Activity: Would you restate every entry below word for word? Leave out the pictures.

Data records:
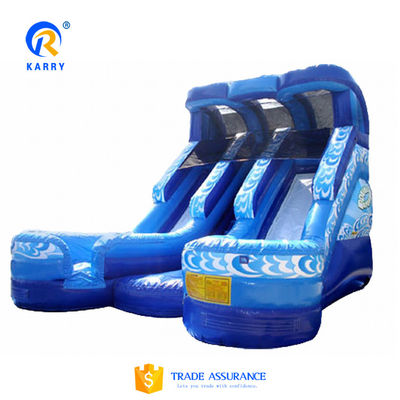 Opblaasbare waterslide met zwembad voor kinderen en volwassenen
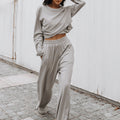 Ensemble de lounge ample pour femmes avec pull oversized cropped et pantalon palazzo taille haute Echo Archive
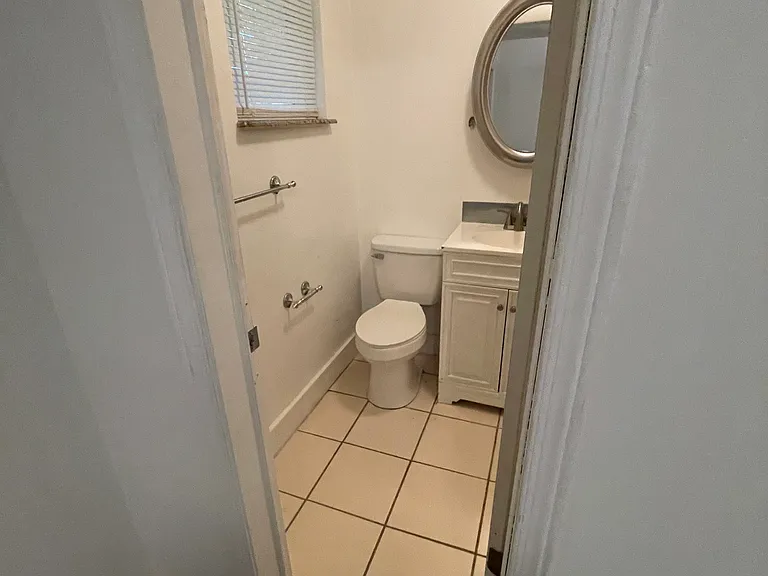 2806B Larkin St — Photo 9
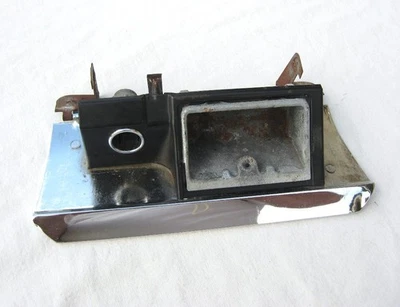 Buick LeSabre 1962 original de fábrica OEM GM conjunto de bandeja de cenizas 62 401 Le Sabre Foto 1 de 3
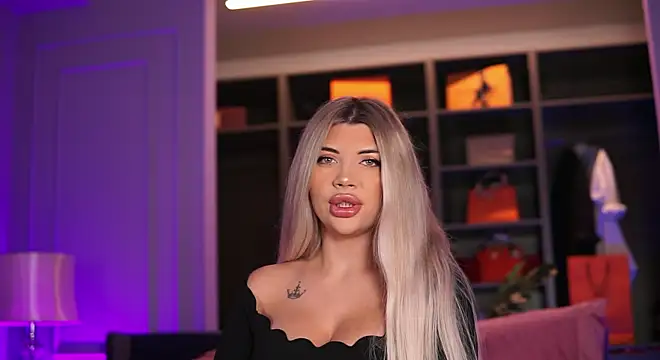 Monique Celeste online show from 10/15/25, 03:16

Solution to the exercise:
 Opblaasbare waterslide met zwembad voor kinderen en volwassenen
 Ensemble de lounge ample pour femmes avec pull oversized cropped et pantalon palazzo taille haute Echo Archive
 2806B Larkin St — Photo 9
 Buick LeSabre 1962 original de fábrica OEM GM conjunto de bandeja de cenizas 62 401 Le Sabre Foto 1 de 3
 Monique Celeste online show from 10/15/25, 03:16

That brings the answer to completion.